═══ Data segment ═══

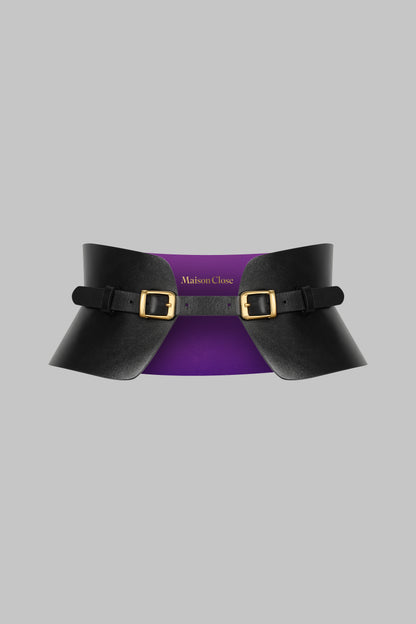 Ceinture corset cuir - L&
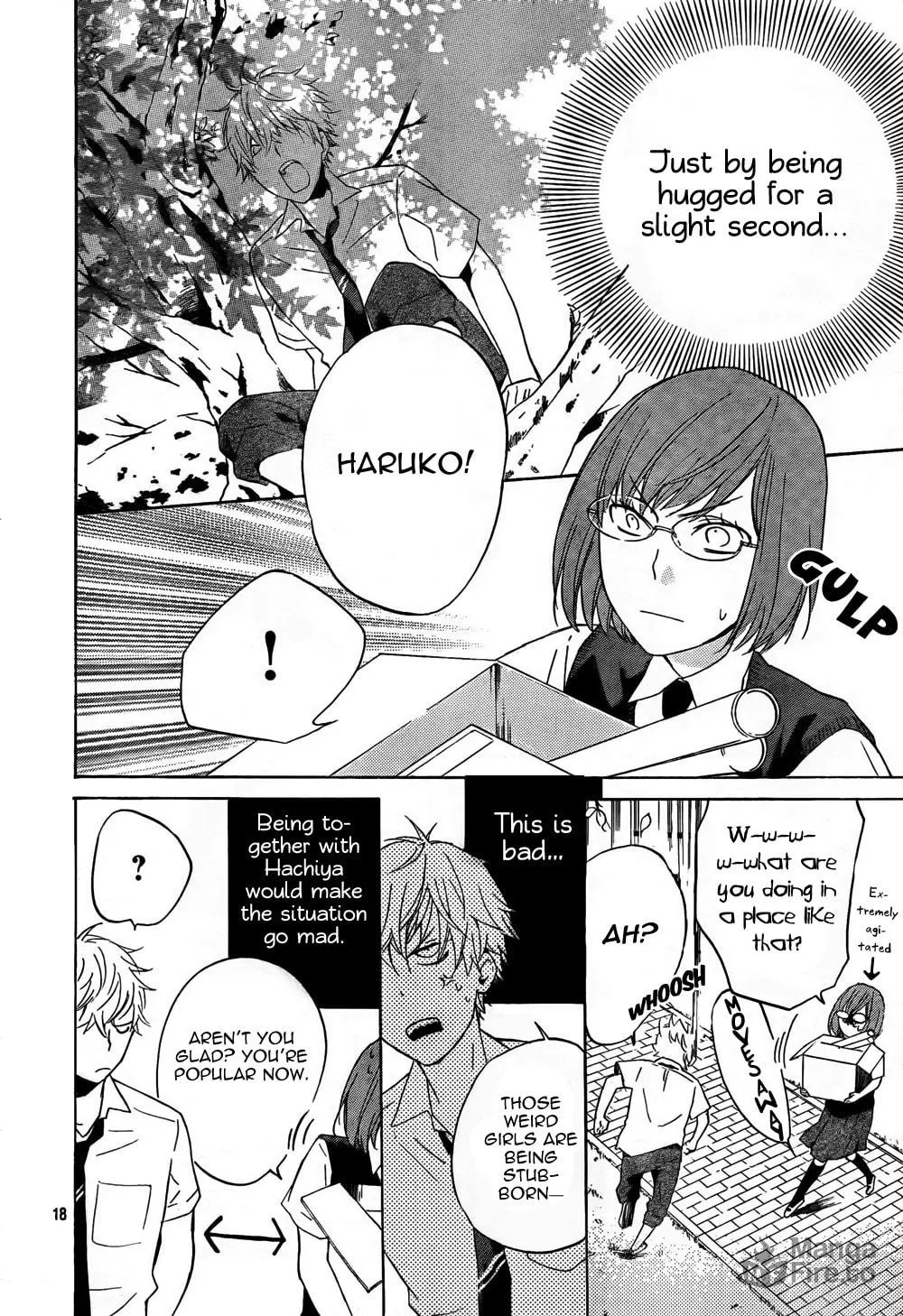 Read Atashi no Bambi chapter 3 image 17 on Lezhin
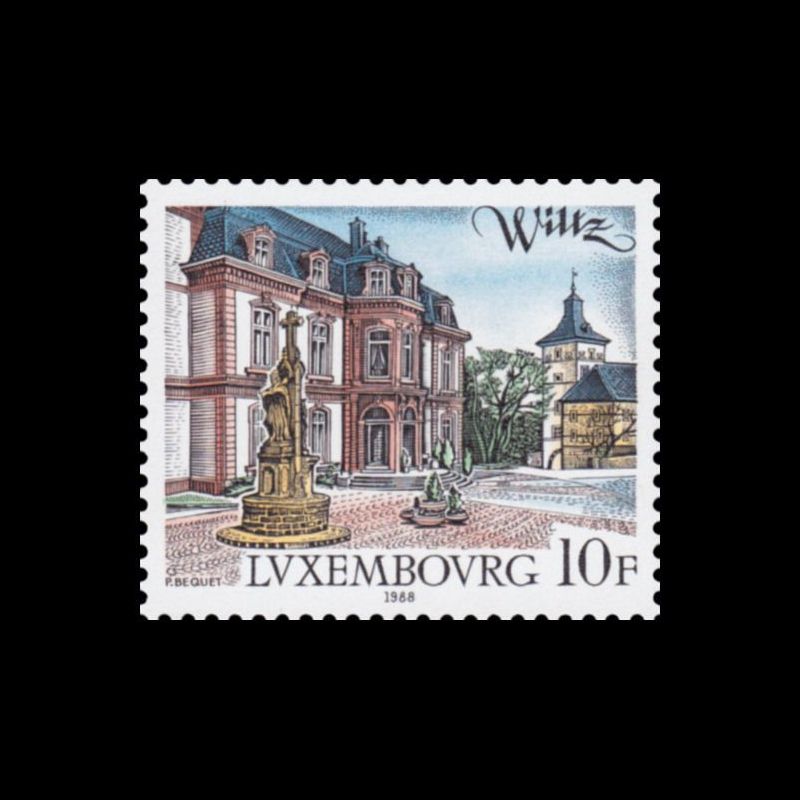 Timbre du Luxembourg n° 1151 Neuf **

═══

◆ Task
Exactly repeat every line from the line that includes "Read Atashi no" to the end of the listing, and nothing else, leaving pictures out.

◆ Answer area
 Read Atashi no Bambi chapter 3 image 17 on Lezhin
 Timbre du Luxembourg n° 1151 Neuf **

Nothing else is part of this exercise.